▶ [Listed entries]
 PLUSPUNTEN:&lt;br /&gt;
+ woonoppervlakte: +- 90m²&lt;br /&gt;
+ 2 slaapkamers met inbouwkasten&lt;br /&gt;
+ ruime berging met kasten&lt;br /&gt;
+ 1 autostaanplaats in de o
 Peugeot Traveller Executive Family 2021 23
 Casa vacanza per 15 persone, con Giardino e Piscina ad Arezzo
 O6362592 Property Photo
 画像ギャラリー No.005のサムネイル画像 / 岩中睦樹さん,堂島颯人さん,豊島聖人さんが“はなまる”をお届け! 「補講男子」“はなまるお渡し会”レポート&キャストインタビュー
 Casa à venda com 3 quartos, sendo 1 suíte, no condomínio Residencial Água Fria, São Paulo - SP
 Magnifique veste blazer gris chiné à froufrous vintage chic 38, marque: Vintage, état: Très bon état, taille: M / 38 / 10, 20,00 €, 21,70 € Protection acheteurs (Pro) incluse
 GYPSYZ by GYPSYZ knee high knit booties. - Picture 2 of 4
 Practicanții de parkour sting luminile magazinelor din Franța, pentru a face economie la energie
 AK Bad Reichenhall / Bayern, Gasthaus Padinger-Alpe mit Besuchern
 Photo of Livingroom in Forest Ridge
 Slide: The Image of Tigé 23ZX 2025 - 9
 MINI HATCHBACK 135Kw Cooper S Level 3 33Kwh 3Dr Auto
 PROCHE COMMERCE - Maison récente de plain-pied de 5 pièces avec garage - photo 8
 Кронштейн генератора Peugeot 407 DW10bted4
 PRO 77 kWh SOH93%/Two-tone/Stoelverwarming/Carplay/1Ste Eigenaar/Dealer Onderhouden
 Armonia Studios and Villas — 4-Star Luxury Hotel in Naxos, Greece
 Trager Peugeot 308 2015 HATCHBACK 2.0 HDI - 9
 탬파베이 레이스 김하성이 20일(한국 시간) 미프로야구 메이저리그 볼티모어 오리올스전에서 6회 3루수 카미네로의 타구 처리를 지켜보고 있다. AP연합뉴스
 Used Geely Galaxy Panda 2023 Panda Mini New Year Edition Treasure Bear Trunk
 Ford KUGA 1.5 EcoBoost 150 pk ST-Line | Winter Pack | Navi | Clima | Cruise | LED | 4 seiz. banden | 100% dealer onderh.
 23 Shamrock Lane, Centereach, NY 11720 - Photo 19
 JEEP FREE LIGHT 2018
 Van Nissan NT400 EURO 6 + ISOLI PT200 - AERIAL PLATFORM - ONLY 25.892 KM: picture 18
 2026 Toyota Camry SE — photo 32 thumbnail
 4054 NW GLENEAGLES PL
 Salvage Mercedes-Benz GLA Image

▶ [What you are asked to do] All lines above from the one holding "GYPSYZ by GYPSYZ" to the one holding "AK Bad Reichenhall", inclusive, are to be copied exactly; no other line is wanted.

▶ [Output of the exercise]
 GYPSYZ by GYPSYZ knee high knit booties. - Picture 2 of 4
 Practicanții de parkour sting luminile magazinelor din Franța, pentru a face economie la energie
 AK Bad Reichenhall / Bayern, Gasthaus Padinger-Alpe mit Besuchern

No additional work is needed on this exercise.